Com a adoção do Marketing Jurídico todos os conceitos descritos até aqui foram assimilados pelo Direito e passaram a ser utilizados para transformar escritórios de advogados em Marcas Jurídicas fortes.
O conceito de Marca Jurídica
A principal função do Marketing Jurídico é dotar a advocacia de uma visão empresarial, embasada nos conceitos e ferramentas de Administração de modo a se diferenciar da concorrência através de uma Vantagem Competitiva estrategicamente planejada.
Além dos atributos tradicionais já mencionados, a Marca Jurídica ainda é composta por características adicionais e inerentes à advocacia. A história do escritório e dos sócios tem um peso marcante na construção da Marca, pois transmite solidez e confiabilidade. As áreas de atuação e o grau de especialização também compõe um fator importante, pois indicam claramente o Posicionamento e a Autoridade de uma banca ou advogado.
Dentre todos esses pilares essenciais para a construção da Marca Jurídica, vou destacar aqui o Capital Intelectual, indiscutivelmente um atributo que traduz de forma ineqívoca ao mercado os seus Valores, Reputação, Posicionamento e Autoridade.
Os tipos de capital
Thomas A. Stewart, em seu livro "Capital Intelectual: a Nova Vantagem Competitiva das Empresas" trata deste assunto com muita competência e divide o Capital Intelectual em três vertentes que podem se revelar os pilares para construção do mesmo.

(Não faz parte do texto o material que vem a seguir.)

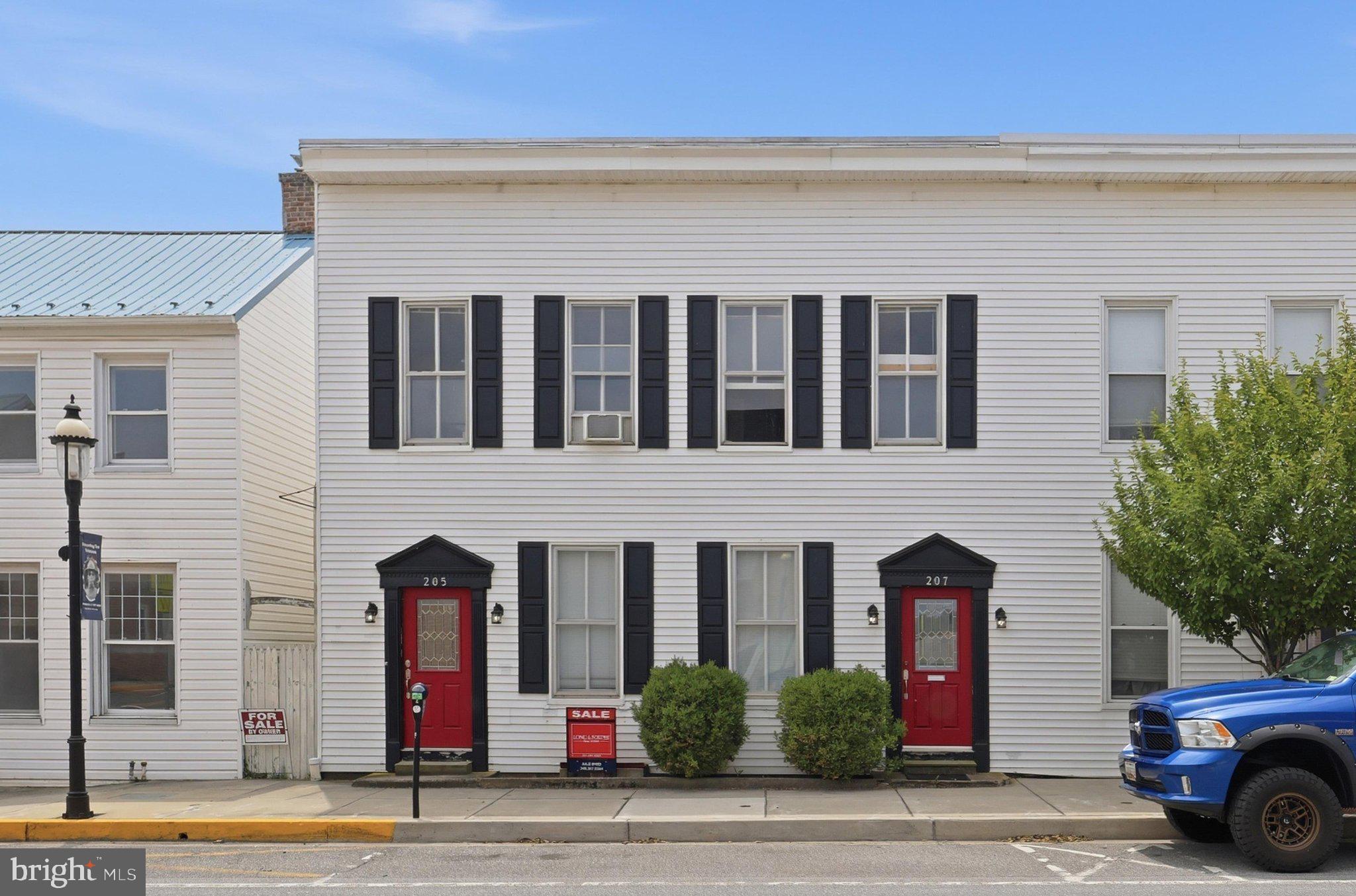 Step into timeless elegance with this spacious 4-bedroom, 2-full bath Victorian home offering over 2,500 square feet of beautiful living space. Rich in character and architectural detail, this historic residence showcases soaring 10-foot ceilings, gleaming hardwood floors, custom millwork, elegant French doors, dual staircases, spacious walk-in closets, and a light-filled upper-level sunroom. Outside, enjoy a fully fenced, picturesque yard perfect for entertaining, gardening, or simply relaxing, along with the convenience of three off-street parking spaces. Ideally situated in the heart of charming Emmitsburg, this home offers the best of small-town living while remaining just minutes from major commuter routes. Enjoy easy access to Mount St. Mary's University, Catoctin Mountain Park, Liberty Mountain Resort, and the unique shops, dining, and local attractions of historic downtown Emmitsburg.
Located in a commercially zoned district, this property offers exceptional flexibility for residential, business, or mixed-use possibilities, making it an ideal opportunity for homeowners, entrepreneurs, or investors alike.
Don't miss your chance to own a piece of Emmitsburg history—a home filled with timeless charm, endless potential, and possibilities waiting to be realized.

- Capital Humano: pessoas geram capital para a empresa através de seus conhecimentos, competências, habilidades e experiências para realizar as tarefas do dia a dia.
- Capital Estrutural: Compreende os ativos relacionados com a estrutura e os processos de funcionamento interno e externo da organização que apoiam o capital humano, tais como mobiliário, tecnologias, dados, informações e publicações.
- Capital do Cliente: É definido como o valor dos relacionamentos contínuos da empresa com as organizações com as quais se relaciona. O conhecimento é o principal ingrediente do capital do cliente. Um dos princípios da gestão do capital intelectual é o fato de que, quando a informação é poder, este flui na direção do cliente em benefício deste.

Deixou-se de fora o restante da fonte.